People are constantly bumping into me on the tube, in the museums and on the sidewalks. As there is no established correct side to walk on. I want to cross the street without having the threat of being hit by a car or pigeons flying dangerously close to my head. I want to buy food at the grocery store that won’t expire within two or three days. And I think I hate those moments because they were not supposed to make me miss home.

There’s a common misconception attributed to studying abroad, regardless of location: that studying in a foreign country is the equivalent of a long vacation. What is often misunderstood is that you still have an everyday life to live that involves schoolwork, grocery shopping frequently and cleaning your flat, as well as living with more than five people.

My daily routine is similar to my schedule back at Lawrence, but the means by which I carry out my routine has been uprooted and transferred to a culture that operates in unfamiliar ways.

The hardest part of being uprooted is not that your daily life and the means to fulfill it change, but instead that you don’t get to bring the best parts of your life with you. You don’t get to pack your best friend in a suitcase and bring him or her along with you. There’s no space for the school nurse when you get sick, there’s no Bon Appétit to feed you when all you have left is peanut butter and pasta noodles, and there’s no VR to hang out to see your closest friends and classmates. You don’t get to walk down the street and pass your best friends, professors or members of your extracurricular activities everyday.

The concept of “culture shock” often carries the sense that the feelings experienced abroad are akin to tidal waves that overwhelm you and cause you to yearn for the shore of your homeland. However, that has not been my experience.
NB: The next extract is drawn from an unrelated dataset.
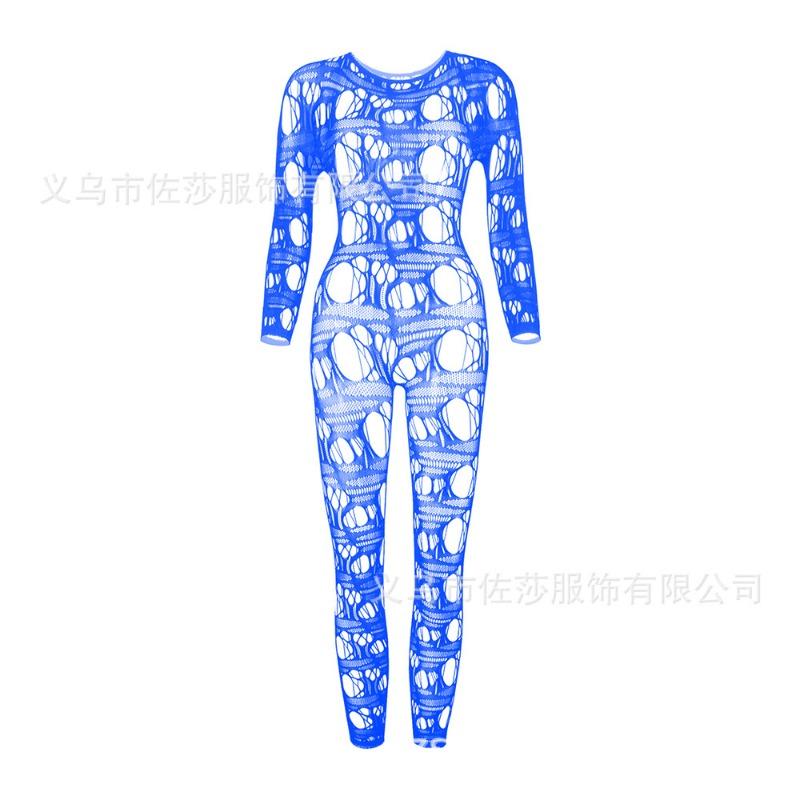 Sexy Underwear New Women's Jacquard Sexy One-piece Mesh Long-sleeved Hollow Tights Hollow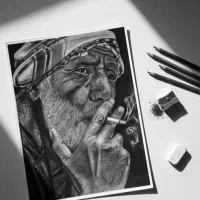 سفارش طراحی چهره سیاه قلم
The time I’ve spent in London has been kind of like being in one of those wave pools at a water-park—the constant waves acting as obstacles you have to jump over to avoid falling down. Initially, you can’t figure out the rhythm and you end up getting knocked down quite a few times, but once you become in sync with the waves, you enjoy yourself. And that’s what London is—a place with ever-changing rhythms that need both cultural and personal adaption in order to jump over the obstacles.

While my relationship with London ebbs and flows, I have come to recognize that I did not apply to study aboard with the hopes of falling in love with another place.

I applied because I wanted to grow in my independence and maturity. I applied to challenge my comfort zone and push myself to have experiences that may be intimidating, yet worthwhile. I wanted to force myself to rely on my own resources, ideas and knowledge to resolve any conflicts that I may encounter—to entrust myself wholly and be secure in my abilities.

Although absolute certainty has been hard to come by these past weeks, I am absolutely certain that London will be the experience I wanted—an experience that will provide me the privilege and opportunity to grow intellectually, emotionally, socially and culturally as an independent individual in an increasingly interconnected world.

London is more than a privilege to experience the multifaceted culture of the city and appreciation into avenues of history, art, entertainment, politics and knowledge. London offers a series of challenges. And it is the challenges that London puts in your way that incite a boldness and utter invincibility within the self that is present among Londoners as a whole. I want that type of confidence. And in 10 weeks, I know I’ll have it.